Art History (CCS) students Sara and Honey have been studying social housing projects from the late 19th and 20th century, with a particular emphasis on Modernist architecture. From Hampstead Garden Suburb to Trellick Tower, at the heart of their research has been the close analysis of Modernism’s pursuit of a Utopian future, where design, town planning and technology would combine to create a fairer, more comfortable, better functioning society.
Post WWII saw a huge rise in the amount of social housing projects in London and throughout the UK, but the Modernist experiment was already faltering. By the 1980’s most were derided, demonized and then demolished, public executions of Modernism’s flawed and at worst failed ideas.
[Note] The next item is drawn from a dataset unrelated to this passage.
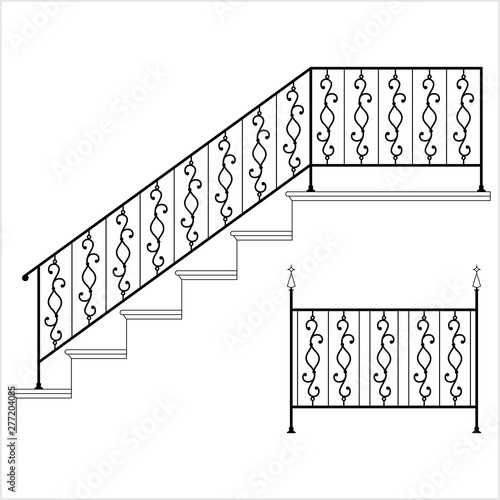 Wrought Iron Stair Railing Design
However some projects survived and now enjoy the protection of Grade II listing. Le Corbusier’s idea of brutal buildings to reflect brutal times are now considered of significant enough historical and cultural importance to be protected forever, so what has changed?
Year 13 photography students have also been reflecting on our 21st century relationship with the 16th century idea of Utopia alongside the much later notion of Dystopia. Milla presents a series of works that on first impression seem to be from another time entirely. The images of figures in the landscape have an almost pastoral quality and look as much Victorian as contemporary. They are in fact labored over; hand printed and tinted images, and could perhaps be read as something of an antidote to the immediacy of the amateur snapshot photography that saturates social media and the press. Tom exhibits large-scale prints of flowers; however all is not what it seems. The decorative bouquets appear to be in a state of flux, somewhere between beauty and repulsiveness, life and death, decoration and destruction. Ryan presents us with a series of heavily staged photographs that feel plucked from a movie whose title and narrative you can’t quite remember. At once familiar and unsettling the melancholic images suggest all might not be well in lives of the comfortable, suburban middle classes.
The Great Utopia will be exhibiting from 8th December to 16th January in Upper School Art.